Сокуров, устанавливая жесточайшую «музейную» иерархию, изгоняет из своей картины всякую стихийную жизнь. Муратова как истинная анархистка иерархию отметает: формы культуры — будь то храмовый ритуал, бытовые нормы и правила, опера и балет, классические тексты и т. п. — сами по себе гроша ломаного не стоят. Если они не наполнены жизнью, культурная оболочка взрывается, летит в тартарары, и Муратова взирает на это с нескрываемым восхищением.
Весь фильм — цепь зеркально отражающихся друг в друге и возрастающих по силе скандалов подобного рода.

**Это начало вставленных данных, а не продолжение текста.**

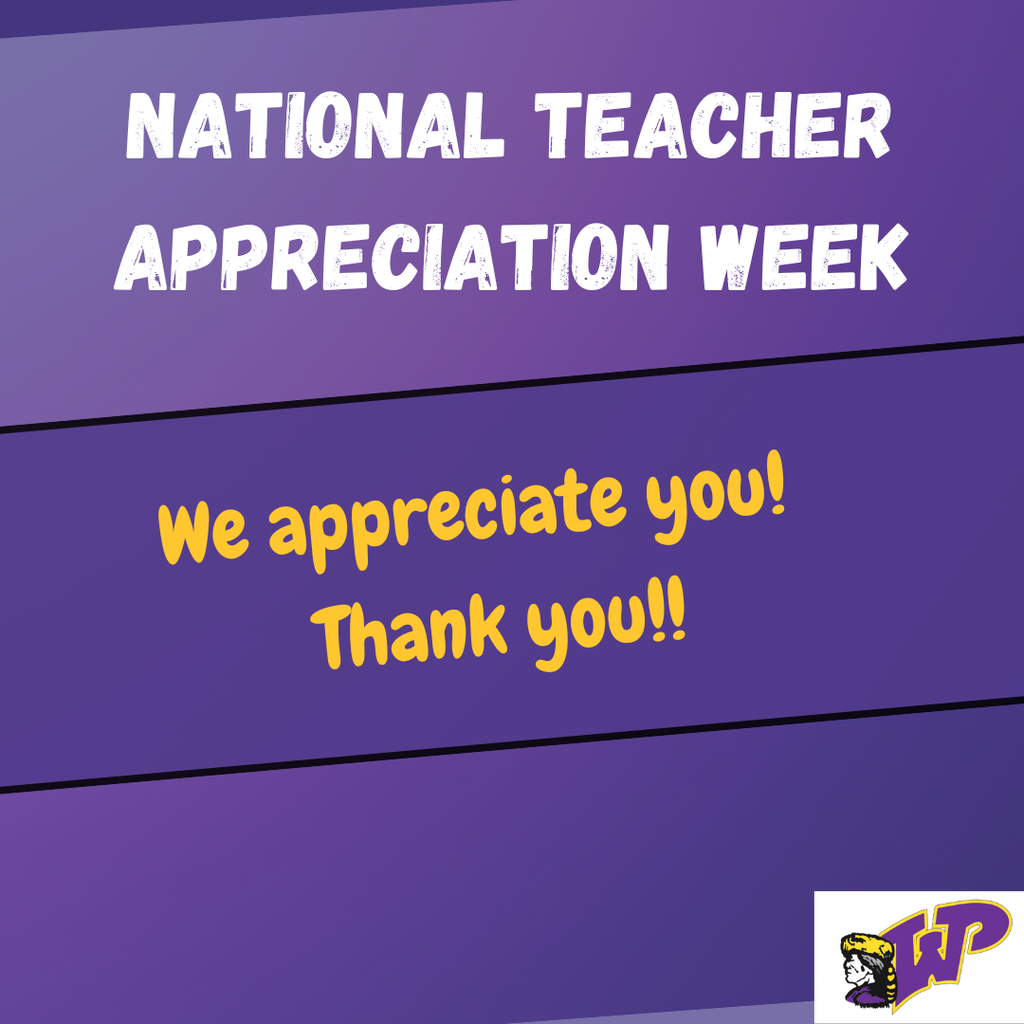 Appreciation Day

Пролог, где хозяйские дети взахлеб спорят с рабочими, что за сооружение те возводят у них во дворе: «сарай или магазин», — это так, репетиция, хотя мальчоночка в очочках — «киндер-сюрприз» — истерически топает ножками и трясет варежками, пришитыми к рукавам пальто, а рабочий в телогрейке — герой А. Баширова — раз двенадцать повторяет с угрозой: «Вот увидишь, построю вам магазин, если сестру постарше не приведешь…» Потом, как водится у Муратовой, скандал перерастает в балет; персонаж Баширова на общем плане исполняет нечто, напоминающее «Танец маленьких лебедей», и под занавес начавшегося дождя смачно падает в лужу.